── Data to process ──

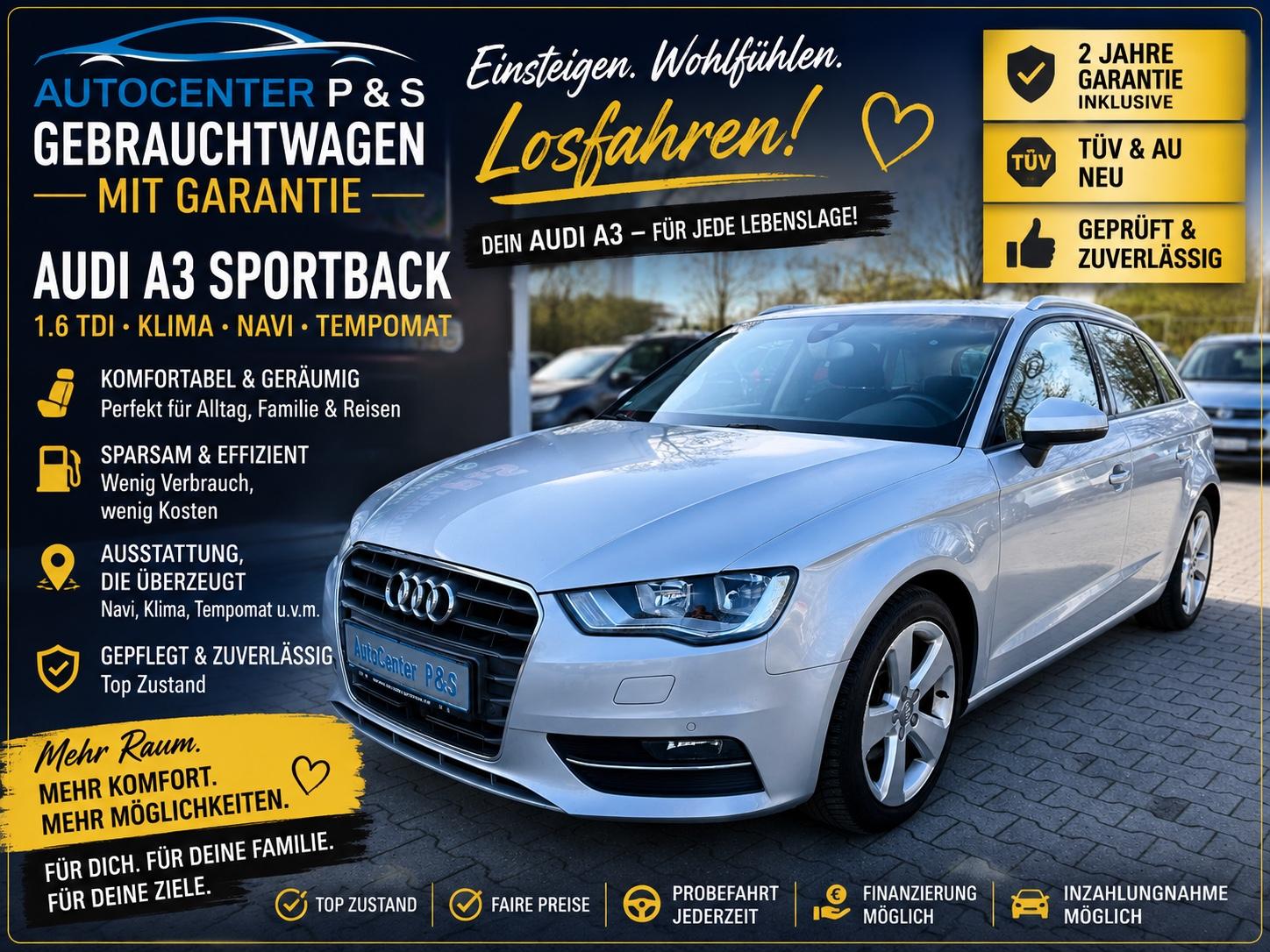 Audi A3 Sportback - Automatik-S-line - Garantie
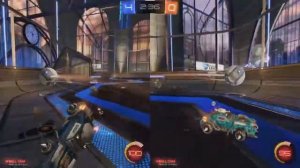 Rocket League Split screen with the Jamster - In the zone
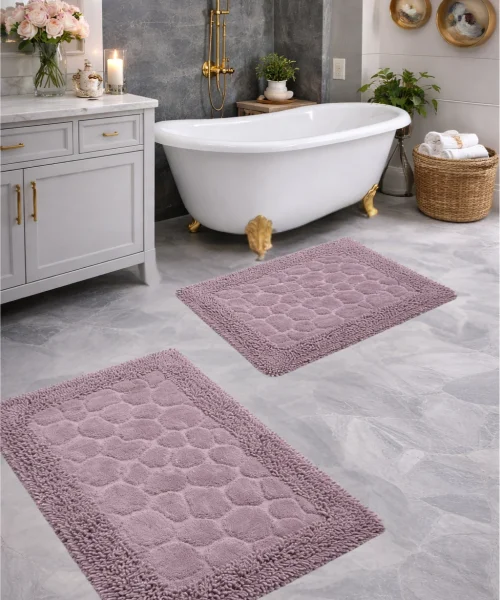 Taş Mürdüm Banyo Paspas Seti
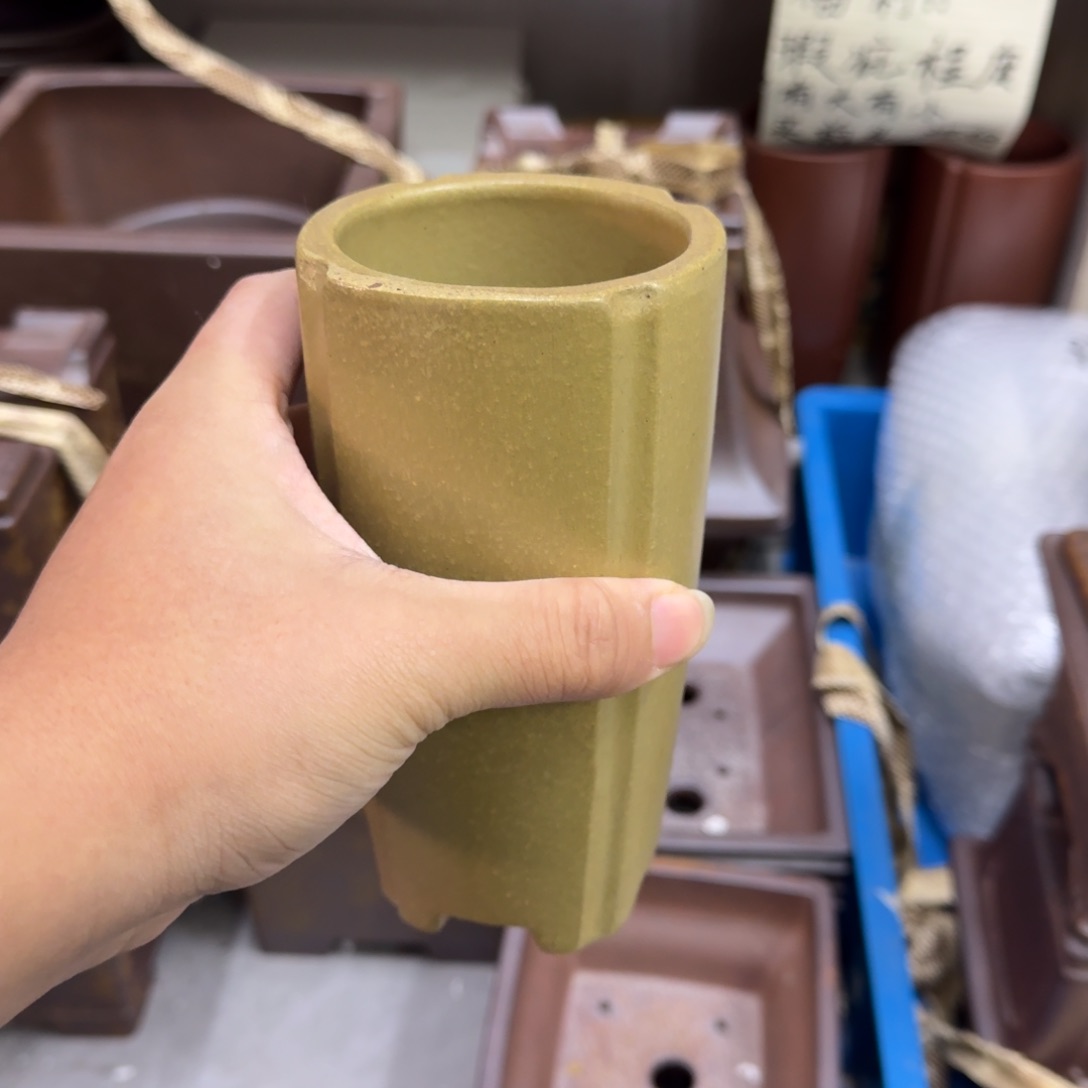 紫砂花盆宜兴紫砂正品6.5x15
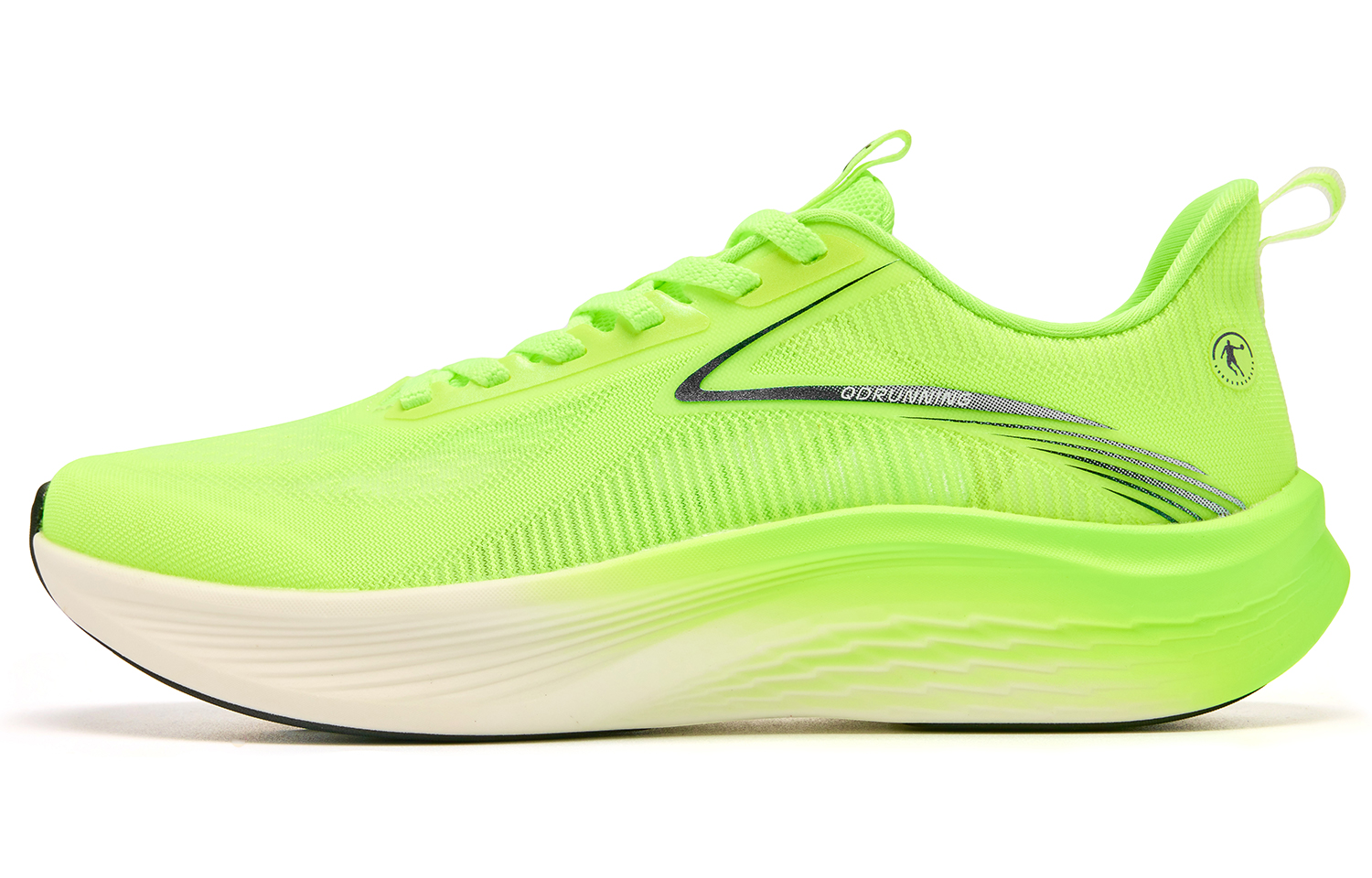 

QIAODAN Легкие кроссовки для бега с низким верхом Light Speed 5.0 с амортизацией, мужские, Flying Shadow, зеленые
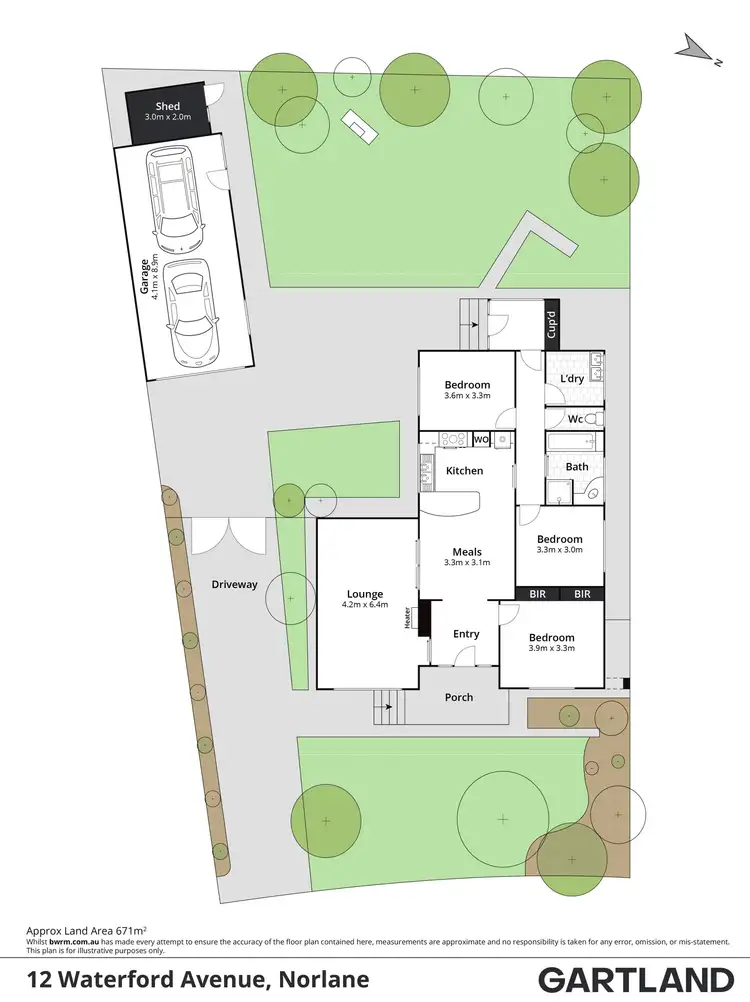 Floorplan of Homely house listing, 12 Waterford Avenue, Norlane VIC 3214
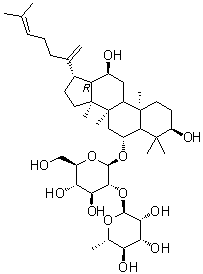 structure of CAS# 147419-93-0, Ginsenoside Rg6;(3beta,6alpha,12beta)-3,12-Dihydroxydammara-20,24-dien-6-yl 2-O-(6-deoxy-alpha-L-mannopyranosyl)-beta-D-glucopyranoside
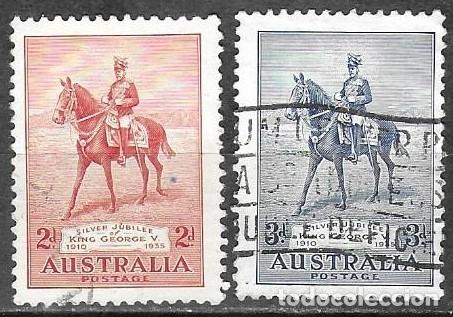 Sellos: SELLOS USADOS DE AUSTRALIA 1935, YT 102/ 03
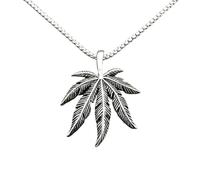 IOETSEUT men's necklaces friendship necklace 2024 Newest Hemp Leaf Pendant Necklace for Women/Men Gold Color Jamaica Necklace Hip Hop Jewelry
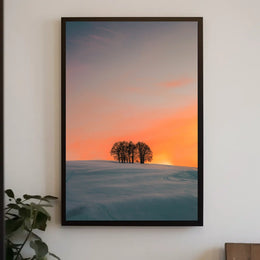 Serene Winter Sunrise Photography Print - Abstract or Artistic Poster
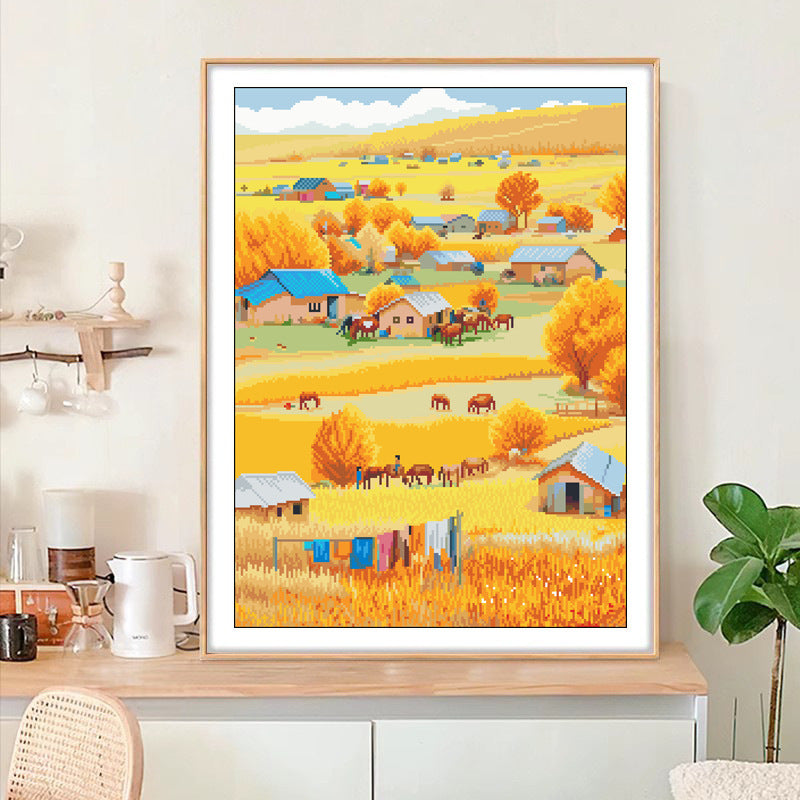 50X65CM DIY Cross Stitch Kits Full Range of Embroidery 11CT 3 Strands NO Frame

───

What is needed => With the pictures set aside, write out the whole listing exactly.

Response for this exercise =>
 Audi A3 Sportback - Automatik-S-line - Garantie
 Rocket League Split screen with the Jamster - In the zone
 Taş Mürdüm Banyo Paspas Seti
 紫砂花盆宜兴紫砂正品6.5x15

QIAODAN Легкие кроссовки для бега с низким верхом Light Speed 5.0 с амортизацией, мужские, Flying Shadow, зеленые
 Floorplan of Homely house listing, 12 Waterford Avenue, Norlane VIC 3214
 structure of CAS# 147419-93-0, Ginsenoside Rg6;(3beta,6alpha,12beta)-3,12-Dihydroxydammara-20,24-dien-6-yl 2-O-(6-deoxy-alpha-L-mannopyranosyl)-beta-D-glucopyranoside
 Sellos: SELLOS USADOS DE AUSTRALIA 1935, YT 102/ 03
 IOETSEUT men's necklaces friendship necklace 2024 Newest Hemp Leaf Pendant Necklace for Women/Men Gold Color Jamaica Necklace Hip Hop Jewelry
 Serene Winter Sunrise Photography Print - Abstract or Artistic Poster
 50X65CM DIY Cross Stitch Kits Full Range of Embroidery 11CT 3 Strands NO Frame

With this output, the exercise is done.